Ketua MK: Tidak Patuhi Putusan, Bentuk Pembangkangan terhadap Konstitusi

Ada tiga kategori tingkat kepatuhan terhadap putusan MK yakni dipatuhi seluruhnya, dipatuhi sebagian, dan tidak dipatuhi. Tapi, tingkat kepatuhan masih lebih tinggi daripada ketidakpatuhan dengan perbandingan 54,12 persen berbanding 22,01 persen dari 109 putusan MK yang diteliti.

Aida Mardatillah
Bacaan 2 Menit

 

Temuan SETARA Institute, ada 19 Putusan MK periode 2015-2016 ini yang mesti ditindaklanjuti oleh pemerintah atau DPR. Sebagian dari putusan tersebut memang telah ada yang dijalankan dan ditindaklanjuti, tetapi masih jauh dari harapan.

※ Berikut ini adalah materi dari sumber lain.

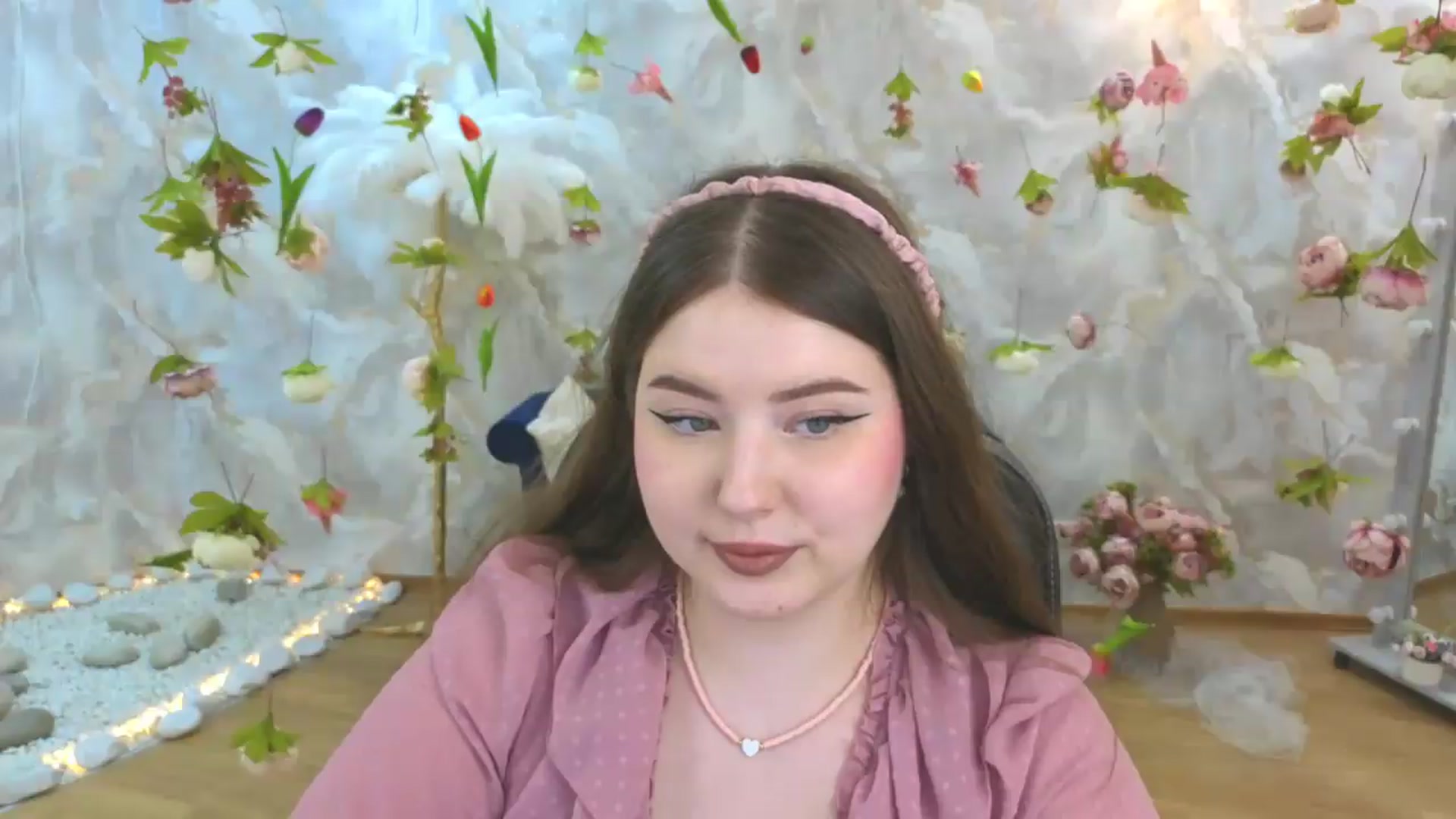 Gallery image thumbnail from EnigmaVeil's myfreecams stream on, 06/09/2026, 09:08 image 3 of 20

Bukti ketidakpatuhan itu diantaranya, masih berlakunya Keputusan Menteri Tenaga Kerja dan Transmigrasi Nomor 100 Tahun 2004 tentang Perjanjian Kerja Waktu Tertentu (PKWT) diamanatkan Pasal 59 ayat (8) UU Nomor 13 Tahun 2003 tentang Ketenagakerjaan.

 

Padahal, MK melalui Putusan Nomor 7/PUU-XII/2014 telah mengabulkan tiga pasal, yakni Pasal 59 ayat (7), Pasal 65 ayat (8), dan Pasal 66 ayat (4) UU Nomor 13 Tahun 2003. Sejak diputus tanggal 4 November 2015, pemerintah dalam hal ini Kementerian Ketenagakerjaan belum melakukan pencabutan Keputusan Menteri tersebut. Faktanya, Keputusan Menteri tersebut masih berlaku. (Baca JugaPenting!!! Peralihan Pekerja Lewat Penetapan Pengadilan)

 

Bukti ketidakpatuhan lain, masih berlakunya Peraturan Pemerintah Nomor 55 Tahun 2012 tentang Kendaraan dan Peraturan Menteri Perhubungan Nomor 133 Tahun 2015 tentang Pengujian Berkala Kendaraan Bermotor. Padahal, MK lewat Putusan Nomor 3/PUU-XIII/2015 menyatakan Penjelasan Pasal 47 ayat (2) huruf e bagian c UU Nomor 22 Tahun 2009 tentang Lalu Lintas dan Angkutan Jalan inkonstitusional. (Baca Juga: Bermodal Putusan MK, Pengusaha Alat Berat Tolak Pajak Kendaraan Bermotor)

 

Public trust

Sekretaris Jenderal MK Guntur Hamzah pernah mengatakan selama ini setiap putusan MK cukup dipatuhi semua pemangku kepentingan. Hanya saja, ada beberapa putusan yang terkadang tidak dipatuhi oleh sebagian kecil pemangku kepentingan. “Secara umum sebetulnya putusan MK sudah dipatuhi lembaga terkait. Kalau ada satu atau dua putusan yang tidak dilaksanakan, saya kira ini tantangan tersendiri ke depannya,” kata Guntur.

 

Dia beralasan tidak dilaksanakan putusan MK ini bisa dimaklumi karena MK tidak memiliki lembaga eskekutor yang bisa mengawasi pelaksanaan putusan MK. Meski begitu, kata dia, tidak adanya lembaga eksekutor dalam pelaksanaan putusan MK bukanlah persoalan krusial. Sebab, apabila hal ini dijadikan alasan utama justru akan semakin membuat lembaga negara atau masyarakat tidak patuh terhadap putusan MK.

 

“Toh, tanpa lembaga eksekutor pun setiap putusan MK umumnya ditaati/dipatuhi. Soalnya, kepatuhan atas putusan MK diserahkan pada respect semua elemen masyarakat. Semakin respect, dengan sendirinya (otomatis) putusan MK semakin dipatuhi,” jelasnya.

 

Menurutnya, praktik kepatuhan putusan MK di negara-negara lain pun sama yakni efektivitas pelaksanaan putusan MK diserahkan pada public trust. Selama ini pelaksanaan putusan MK biasanya diwujudkan dalam berbagai bentuk, seperti materi perubahan Undang-Undang dan jenis peraturan lain. Atau bahkan bentuk tindakan yang sifatnya segera dan ditindaklanjuti lembaga terkait.